As well as bearing the names of Teixeira and Vrients, the present map also carries the name of the engraver Joshua van den Ende. Both Shirley (243) and Schilder (MCN III, p.45 No. 6), record a large wall map on 12 sheets engraved by van den Ende, and dated circa 1604. The sole institutional copy referenced by both Shirley and Schilder – in the Bibliothéque Nationale in Paris — is undated, untitled, and unsigned by any author or publisher. Only van den Ende’s name, as the engraver, appears on the sheets. After consultation of the BNF map, it is clearly printed from the same plates as the present example. The discovery of the present work therefore allows us to confirm Schilder’s date of 1604, and to add both Vrients as vendor and Teixeira as the work’s cartographer. It also allows us to correct the map’s erroneous attribution to Willem Blaeu. The editors of the ‘History of Cartography’, Destombes (in his monograph on the BNF’s van den Ende map) and Schilder all suggest that Willem Blaeu may have published the map, for three reasons. First, neither Hondius nor Claesz in his 1609 catalogue mention such a map; second, van den Ende is known to have engraved much of Blaeu’s earliest published work; third, in 1604 Claesz and Plancius’ privilege for their 1592 wall map ended, thus allowing Blaeu (or any other publisher) to reproduce the map.
However, with the discovery of the present work, we can conclude that it was in fact Vrients, in association with Claesz, who decided to publish the new map in 1604, updating the hugely successful Plancius map of 1592 with the latest developments from Teixeira.
Dutch world wall maps from this era are incredibly rare. Due to the rapid rate of discovery at the beginning of the seventeenth century “many maps soon lost their value; the owners replacing the obsolete maps with new ones. This development is one of the causes of the great percentage of losses which wall maps of the world suffered; they are extremely rare nowadays” (Shirley).
The present work is only the second surviving complete example of the Teixeira/Vrient map of 1604. The example in the BNF lacks the accompanying text and title. Schilder records five examples prior to the present map in his census of Dutch world wall maps published in Amsterdam before 1619 (MCN III, p. 19–102):
1. PLANCIUS, Petrus. Nova et Exacta Terrarum Orbis Tabula Geographica ac Hydrographica. Amsterdam, 1592. Map on 19 sheets. One recorded example, Collegio del Corpus Cristi in Valencia.
2. LANGREN, Hendrik van. Nova et Accurata, Totius Orbis Terrarum Geographica et Hydrographica. [Amsterdam, c.1600]. Map on (?)20 sheets. One recorded example Stadtbibliothek of Breslau, now lost due to military action during World War II.

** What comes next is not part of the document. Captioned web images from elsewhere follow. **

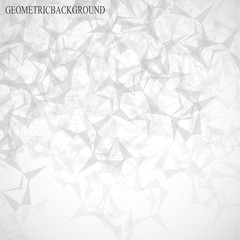 Aufkleber - Grey graphic background molecule and communication. Connected lines with dots. Vector illustration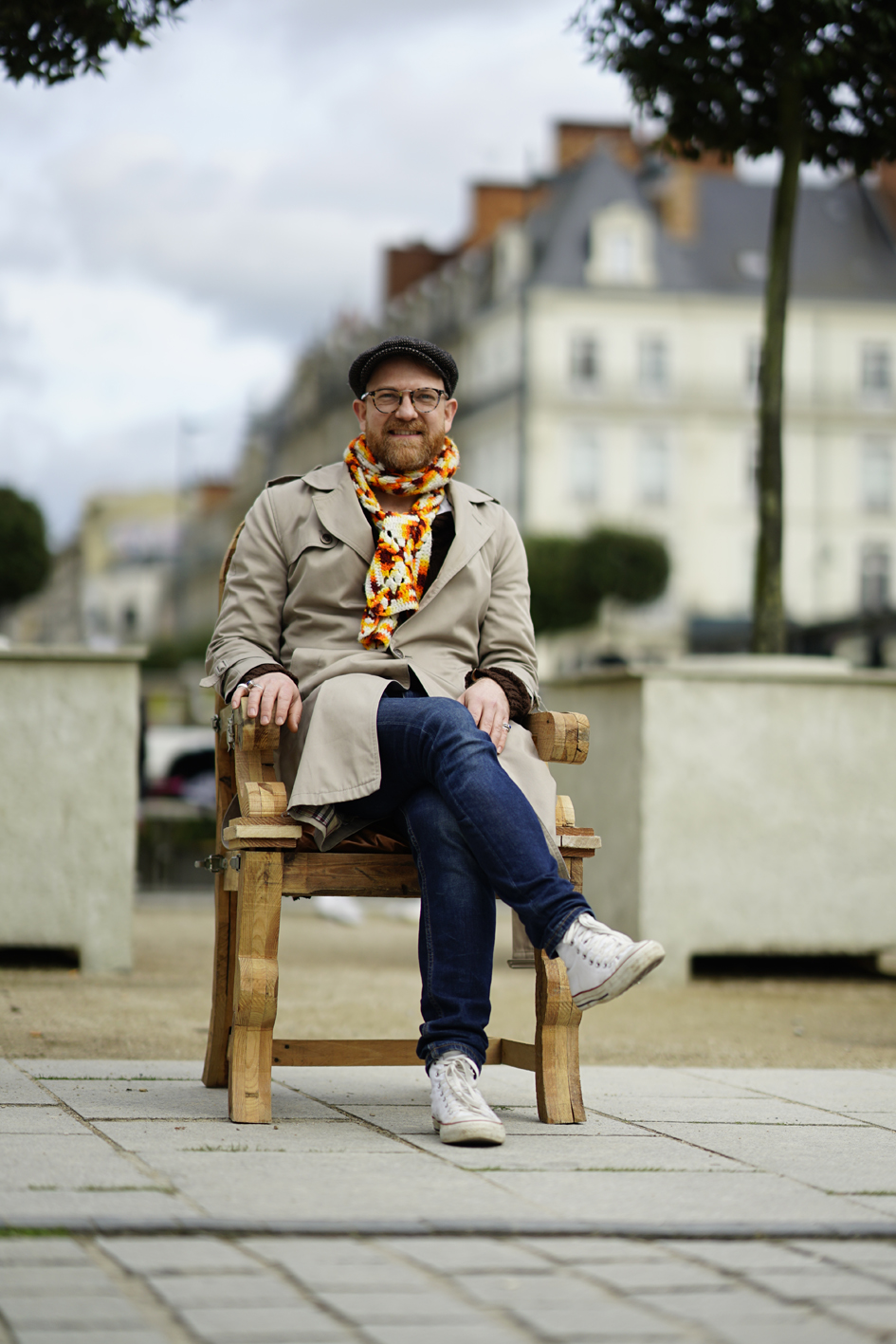 Le fauteuil du député de la rue, Happening, Rennes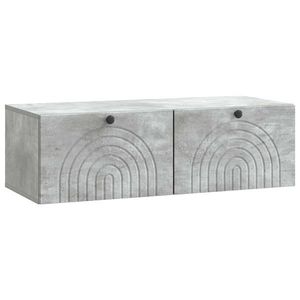 vidaXL Oglindă TV montată pe perete Gri Beton 99 x 41 x 30 cm imagine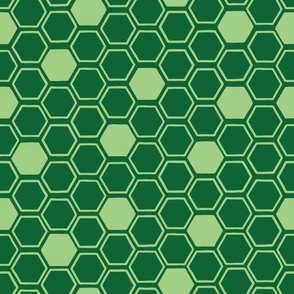 Medium - Honeycomb Scatter on Green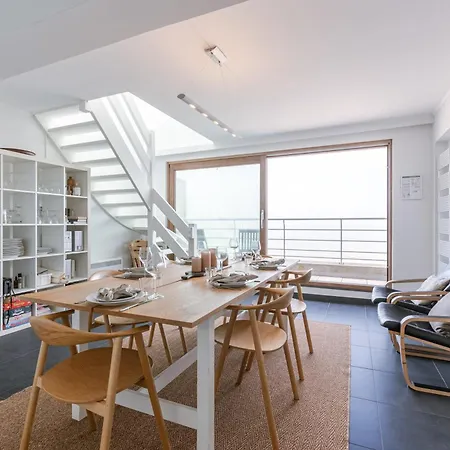 דירה Huswell - Seaside Duplex With Four Terraces דה האן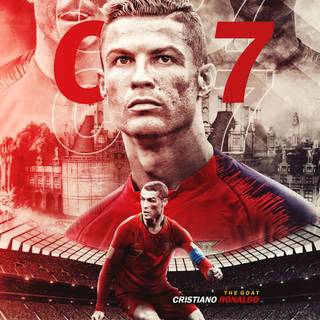 CR7 GOAT wallpaper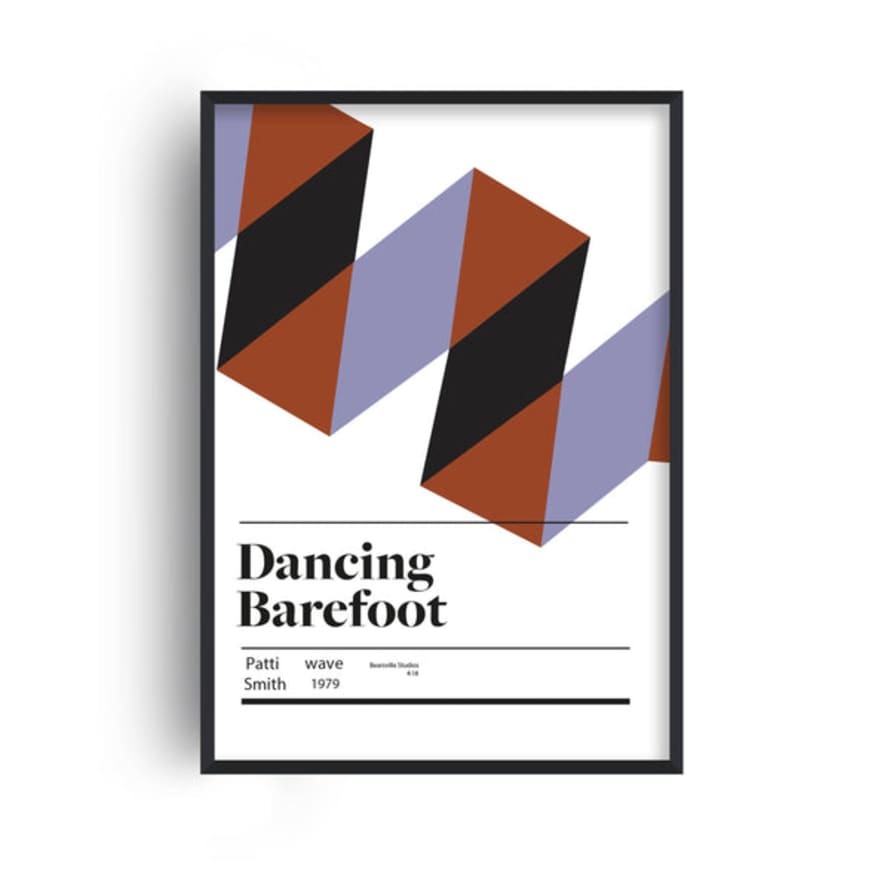 Fanclub Dancing Barefoot Retro Giclée Art Print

3. CLAESZ, Cornelis. [No Title] [Amsterdam, Cornelis Claesz., c.1602]. Map on four sheets. No known extant example of the first edition.

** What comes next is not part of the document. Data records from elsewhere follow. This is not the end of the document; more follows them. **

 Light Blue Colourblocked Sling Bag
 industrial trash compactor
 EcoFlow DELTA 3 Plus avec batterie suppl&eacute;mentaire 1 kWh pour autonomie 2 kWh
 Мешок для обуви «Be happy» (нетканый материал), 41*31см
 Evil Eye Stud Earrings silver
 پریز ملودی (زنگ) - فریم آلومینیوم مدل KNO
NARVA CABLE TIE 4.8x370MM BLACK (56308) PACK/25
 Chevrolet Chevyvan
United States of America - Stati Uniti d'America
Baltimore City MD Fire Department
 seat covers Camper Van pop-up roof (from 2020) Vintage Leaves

4. HONDIUS, Jodocus. Nova et Exacta Totius Orbis Terrarum Descriptio Geographica et Hydrographica. [Amsterdam, Cornelius Claesz, 1603]. Map on four sheets. No known extant example of the first edition.

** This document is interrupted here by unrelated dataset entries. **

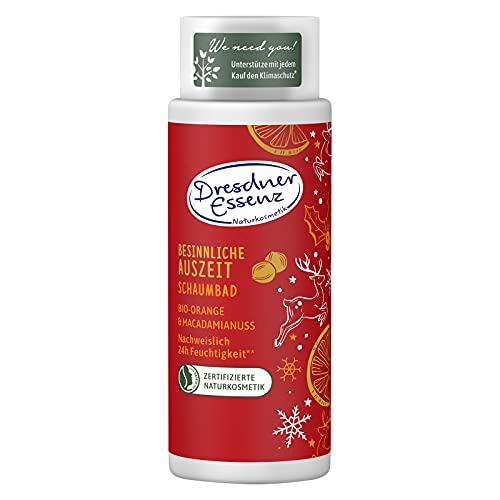 Dresdner Essenz Baño de espuma de descanso, 300 ml, aditivo de baño vegano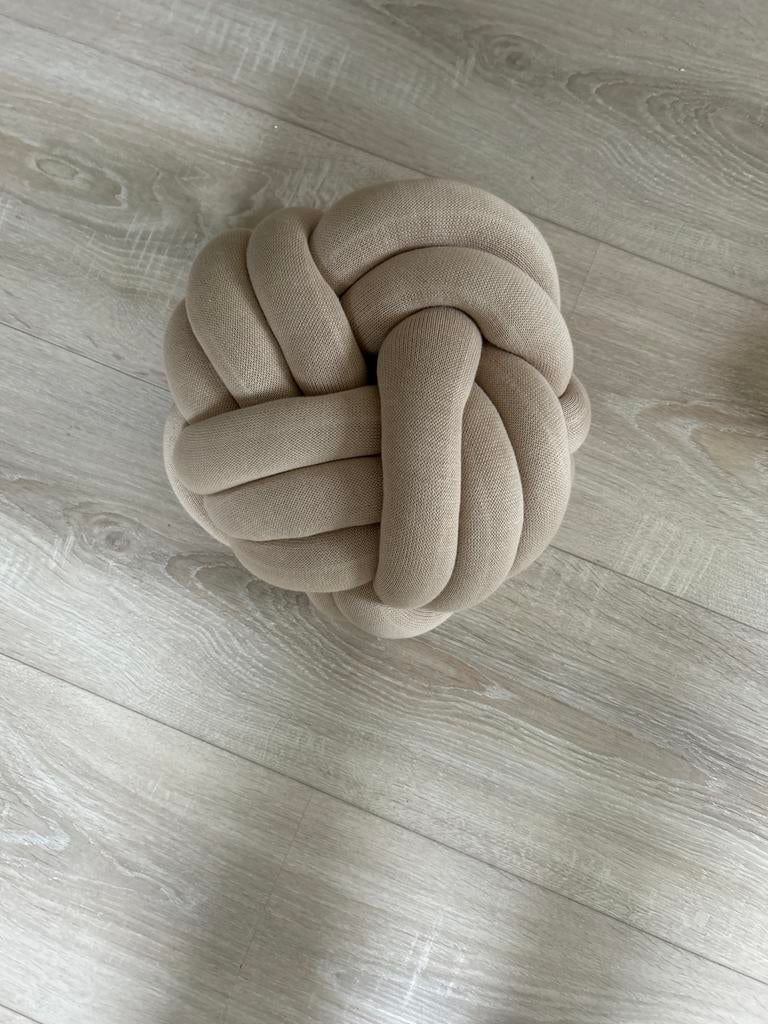 Westwing Knoopkussen Beige - Decoratief, Ophalen, Zo goed als nieuw, Beige, Rond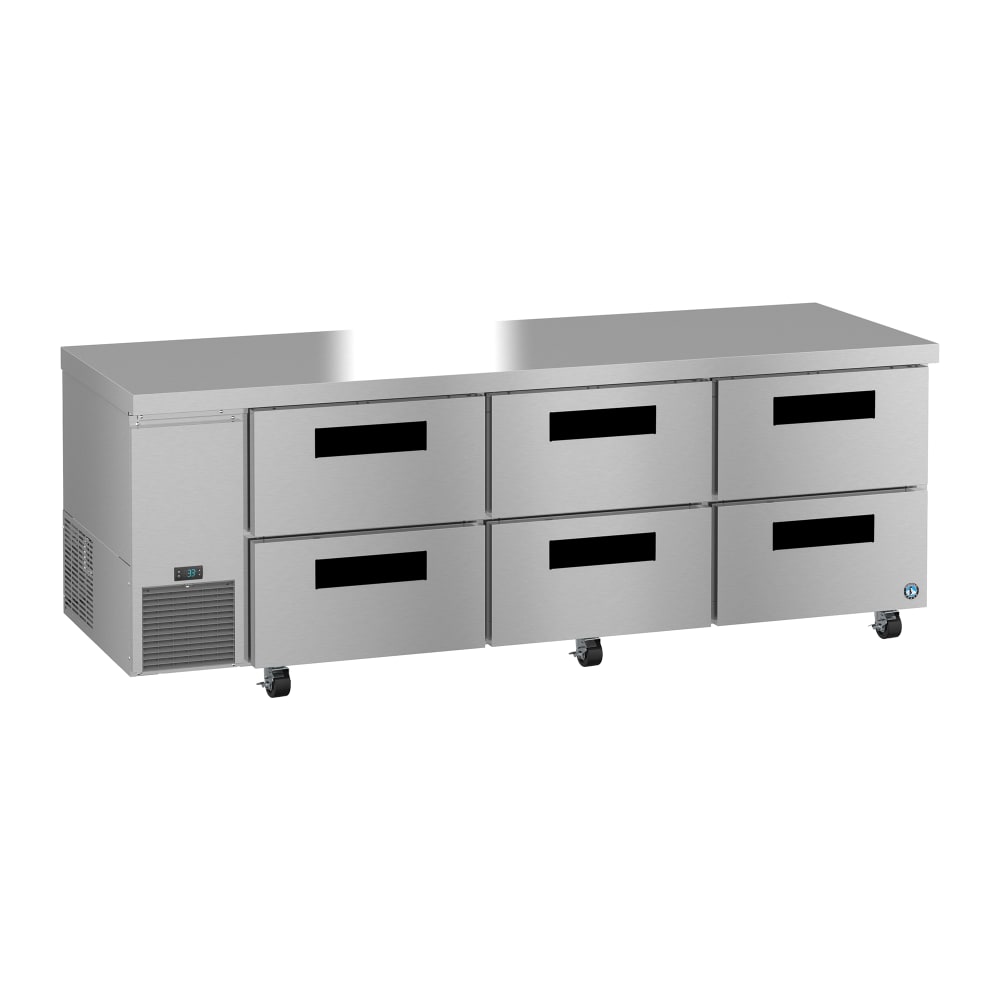 440-ULR93BD6 93" Steelheart Undercounter Refrigerator w/ (3) Sections & (6) Drawers, 115...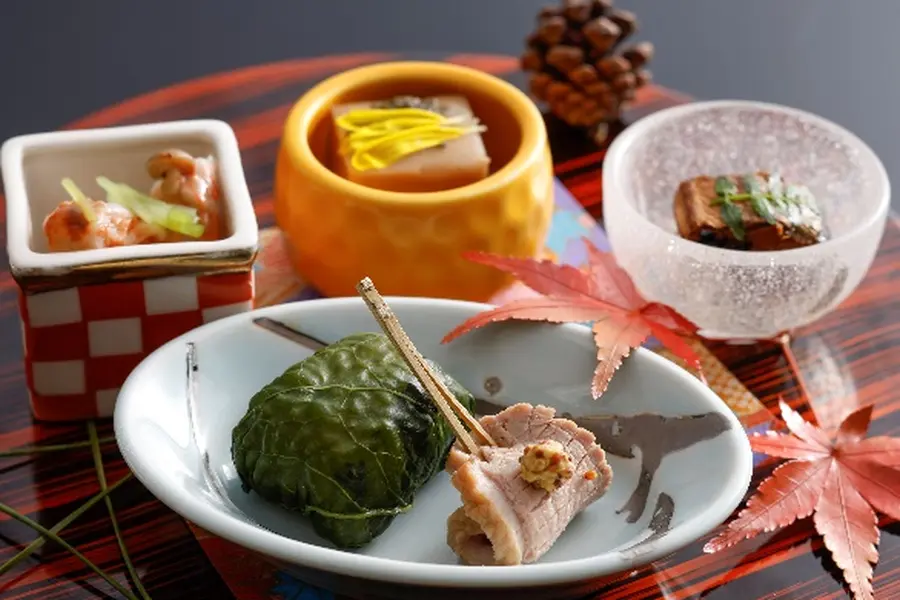 【秋季特别会席料理】清蒸熊野牛、伊势龙虾、鲜活胜浦鱼刺身会席料理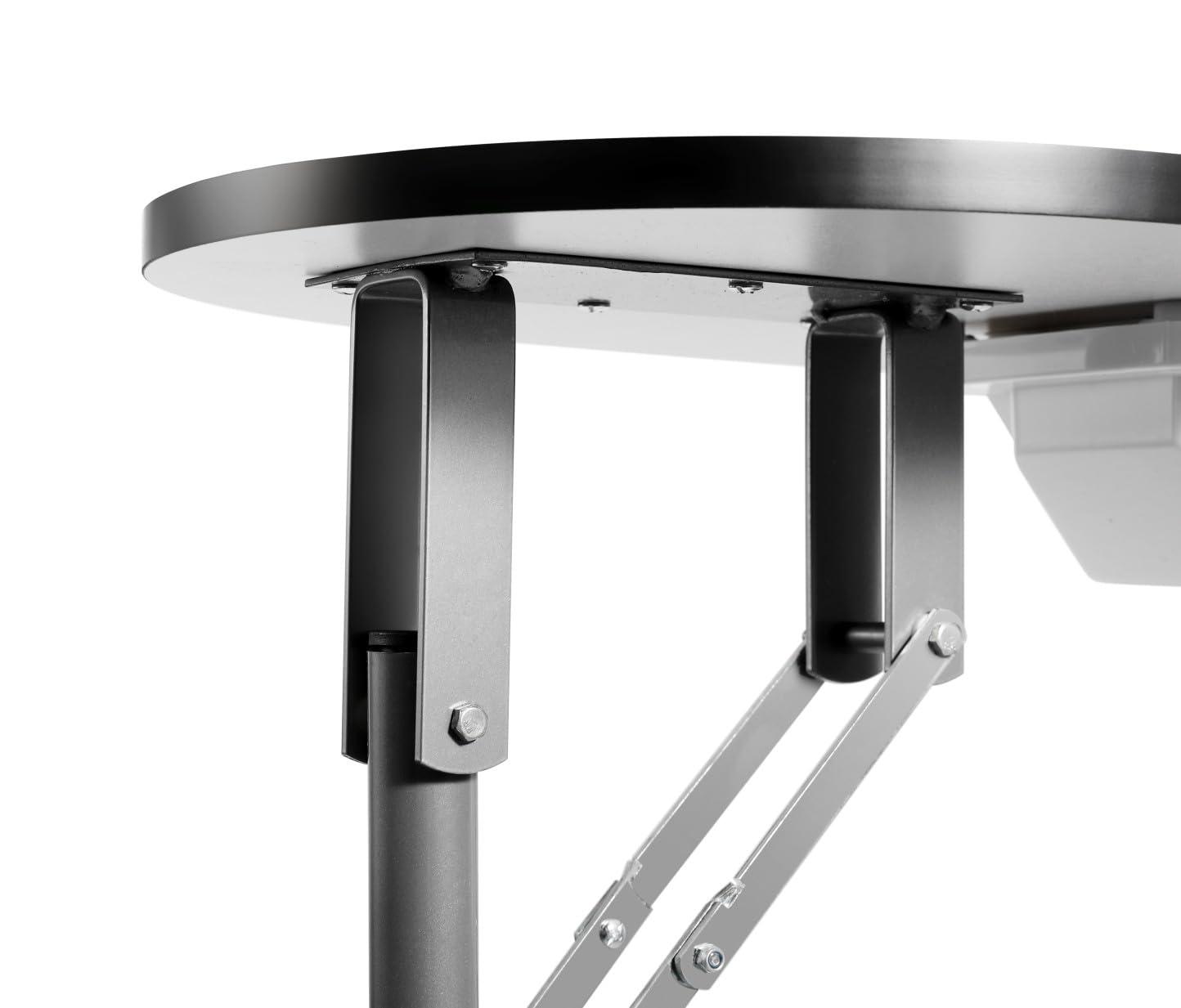 NinthAvenue Basics Salonsunny Electric Dust White Manicure Table Foldable & Portable Nail Desk Workstation with Controllable Wheels and Carrying Case for Spa Beauty Salon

5. TEIXEIRA, Luis. [No Title] [Amsterdam, Joan Baptist Vrients, (?) 1604]. Map on nine sheets. No known extant example of the first edition.
As the list shows, the present work is only the second surviving example from the first 12 years of world wall map publication in Amsterdam. In fact, of the seven further maps that Schilder goes on to list as published before 1619, only four are known to exist in their first edition.
- Shirley, Rodney, ‘The Mapping of the World’, No. 183 (Plancius 1592), No. 243 (van den Ende/BNF), No. 248 (Teixeira)
- Shirley, Rodney. (1987). The mapping of the world. London: Holland Press.